Il Consiglio dell’Ordine dei giornalisti del Lazio si stringe alla famiglia e al dolore di tutti i colleghi che l’anno conosciuta e hanno condiviso con lei il lavoro della cronaca del terrorismo, delle storie di mafia e delle grandi inchieste. Era figlia degli anni Settante e le piaceva rivendicarlo perché i giovani riteneva non capissero e non potessero capire la storia di quegli anni. Rivendicava, con orgoglio, quella stagione che le apparteneva: il tempo della ribellione e quegli anni, sui quali aveva sempre un aneddoto da raccontare a fondo politico o solo di colore. Aveva cominciato a fare la giornalista giovanissima. Amava raccontare dettagli inediti, teoremi, spiegazioni. La cronaca giudiziaria era la sua vita. “A Palermo mi hanno lasciata per sei mesi” diceva. “È arrivato l’inverno e mi hanno dovuto mandare i vestiti”. E poi ancora, inviata per il processo Andreotti. Alla fine, di Palermo si era innamorata, così aveva deciso di comprare una casa.

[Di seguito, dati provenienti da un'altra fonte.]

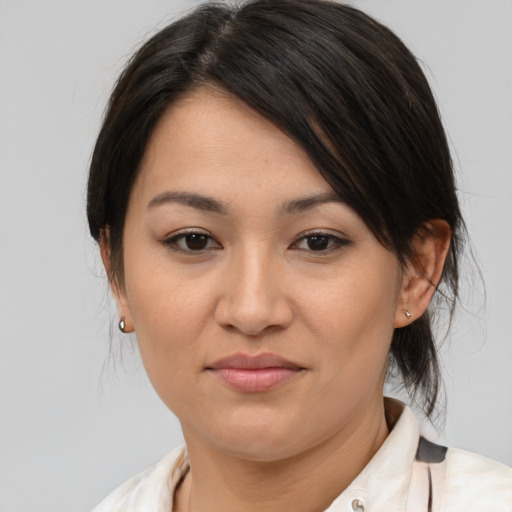 Joyful asian adult female with medium  brown hair and brown eyes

Era stata anche a Cogne, per seguire il caso di Annamaria Franzoni, ma la sua passione rimanevano le inchieste su mafia e politica, l’intreccio tra criminalità e servizi segreti. Nel 1994 aveva scritto un libro su Mino Pecorelli (“Scoop mortale”, Tullio Pironti) che descriveva l’intreccio criminale-politico di cui rimase vittima il direttore di “OP”. Con “Il libro nero della Prima Repubblica” aveva ricostruito – come scrisse lei stessa – l’intreccio dei poteri, visibili e invisibili, che hanno caratterizzato e condizionato decenni di vita politica nazionale.

Rita lascia il figlio Emiliano, il compagno Stefano e due nipotine. A loro, in particolare, va la nostra vicinanza.